Charting an 'ambiguous' worldview

0 Comments | Insight on the News, April 22, 1996 | by Michael Rust

With the end of the Cold War, foreign policy was moved to the back burner of presidential politics.

The collapse of the Soviet Union, one of the momentous events of our time, was followed by the first presidential contest since 1936 not to feature foreign policy as a key issue. And, as long as large numbers of American casualties are not being reported from one of President Clinton's peacekeeping operations, it is unlikely that foreign policy will play a major role in this year's struggle for the White House.

Public opinion was against intervention in Bosnia, but this hasn't hurt Clinton politically, says GOP pollster Ed Miller. "The worst polling numbers come with the evening news when there are pictures of body bags," Miller tells Insight. "Until then, he stands everything to gain."

But maybe not. Whatever the poll numbers, the Clinton foreign policy has the unlikely effect of uniting wildly disparate elements of the creaking conservative coalition.

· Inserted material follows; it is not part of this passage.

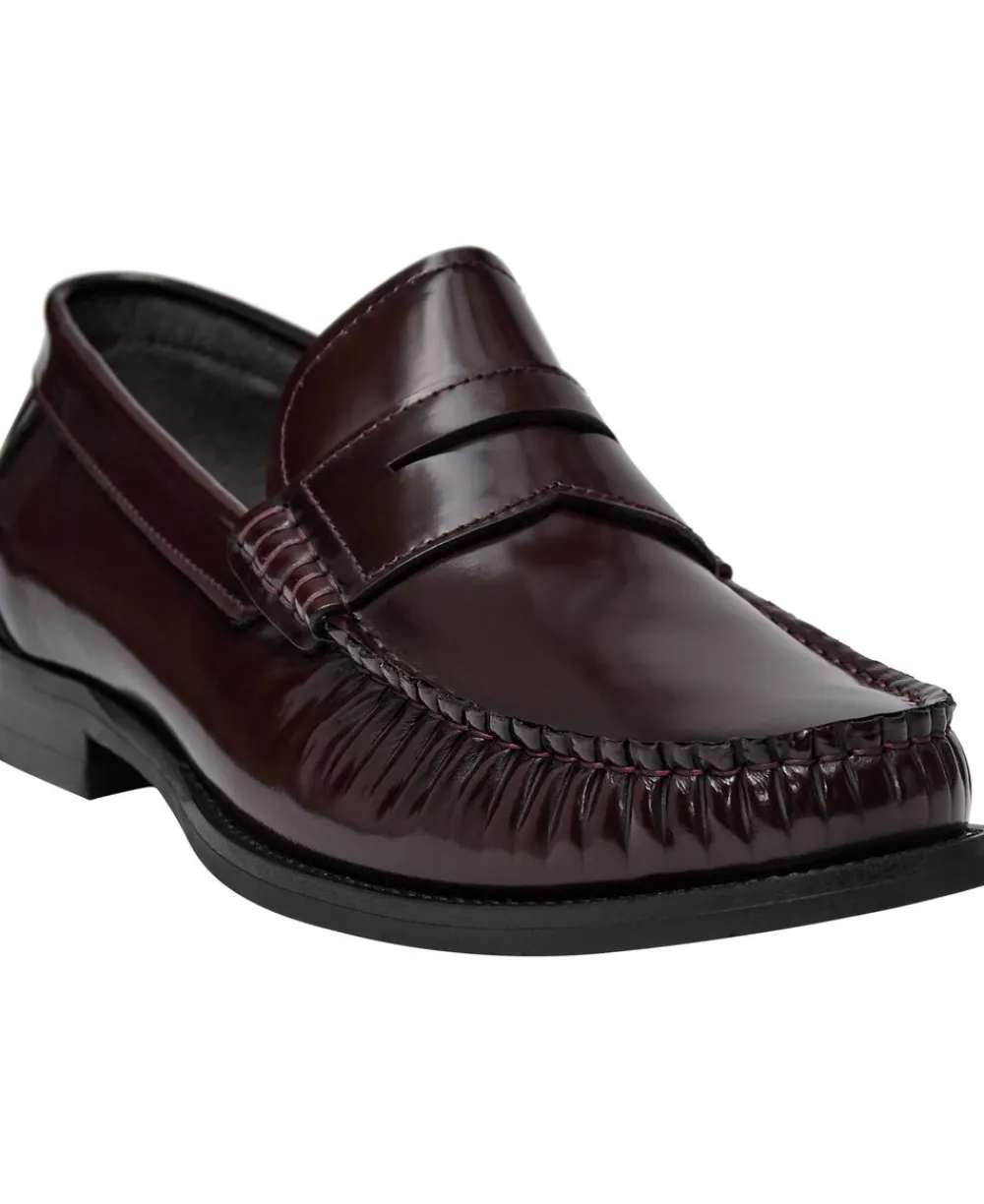 Loafer>TGA by Ahler Hot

Political allies of 10 years ago who agreed on little more than the need for a strong defense against communism once again are working together out of dissatisfaction with the current administration's dealings with the world.

Clinton supporters scoff at this. The president's foreign policy "has been absolutely, overwhelmingly positive," says Democratic consultant Anne Wexler, who points to the passage of international trade agreements and aggressive U.S. support of peacemaking overseas. "Haiti, trade, Bosnia, Ireland -- all of the things that the president has done have moved those countries toward peace."

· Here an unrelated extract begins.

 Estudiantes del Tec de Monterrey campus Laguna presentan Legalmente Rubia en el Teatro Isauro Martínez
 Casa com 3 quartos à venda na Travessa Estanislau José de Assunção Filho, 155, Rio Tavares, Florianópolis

But observers on the right sound equally certain. Conservative critics of Clinton foreign policy differ widely among themselves as to the wisdom of U.S. intervention in Haiti or Bosnia, the utility of free trade vs. protectionism and the proper role of the United States in the post-Cold War world. However, there is a surprising amount of agreement -- most of it centered on the unsuitability or alleged incompetence of the foreign-policy team at the White House and at Foggy Bottom.

"Clinton does not send decisive, consistent signals--it always appears that he does things at the last minute," says Ambassador Charles Lichenstein, who helped to carry the ball for the Reagan team at the United Nations in the early eighties. Lichenstein, now at the conservative Heritage Foundation in Washington, tells Insight that Clinton often "does what is necessary eventually," but adds that the lack of a coherent strategic policy prevents clear messages from being sent to potential adversaries. There is an uncertainty about whose hand is on the tiller. As far as Secretary of State Warren Christopher is concerned, says Joshua Muravchik of the Washington-based American Enterprise Institute, or AEI, "a sphinx-like exterior may be a mask behind which there is deep thought or it may mask utter emptiness."

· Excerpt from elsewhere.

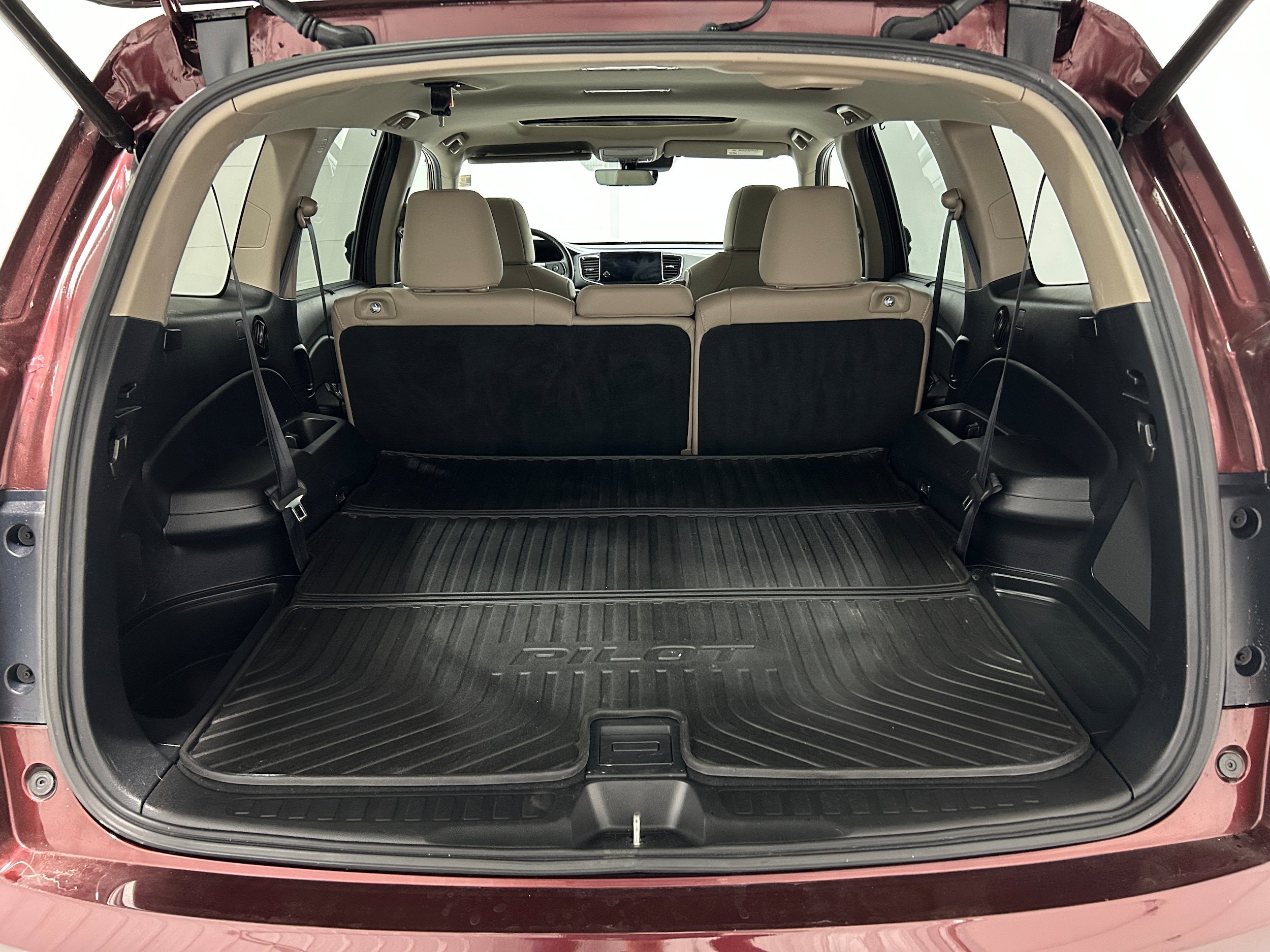Used 2020 Honda Pilot EX-L image 35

From Bosnia to the Straits of Taiwan and many places in between, critics argue, the Clinton administration has sent conflicting signals to friend and foe alike, a confusion born from a foreign policy geared toward domestic political utility rather than national interest.

At the end of last year, Michael Mandelbaum, a professor at Johns Hopkins University's Paul Nitze School of Advanced International Studies and a longtime Friend of Bill, called the Clinton approach "Foreign Policy as Social Work." Historically, Mandelbaum wrote in Foreign Affairs, U.S. foreign policy has "centered on American interests, defined as developments that could affect the lives of American citizens." But this was ended by the Clinton administration's military ventures in Bosnia, Somalia and Haiti -- none of which could be imagined to fit that description.

Instead, the administration set out on a political crusade to promote "American values," applying what National Security Adviser Anthony Lake called "muscular Wilsonianism." In the process, critics fear, U.S. credibility may have been damaged. Muravchik, a neoconservative Democrat who crafted foreign-policy speeches for candidate Clinton in 1992, looks at the recent tensions between China and Taiwan as an example of the murkiness of U.S. purpose. The administration wanted to keep both Beijing and Taipei uncertain about what the United States would do, he says, and that was "absolutely insane."

Muravchik, a scholar whose book The Imperative of American Leadership is being published this month by AEI Press, asks: "Why would we want to keep Taipei uncertain? They're our allies and they weren't creating the problem." Even stranger, he adds, is the idea that it is strategic wisdom to keep potential adversaries uncertain about U.S. intentions. This, Muravchik tells Insight, "is madness." A chief objective of foreign policy, he says, should be to keep adversaries as certain as possible that America will respond in a definite fashion to intolerable behavior. "Strategic ambiguities," Muravchik exclaims, "gave us World War I when Britain was ambiguous about responding to a German attack on Belgium."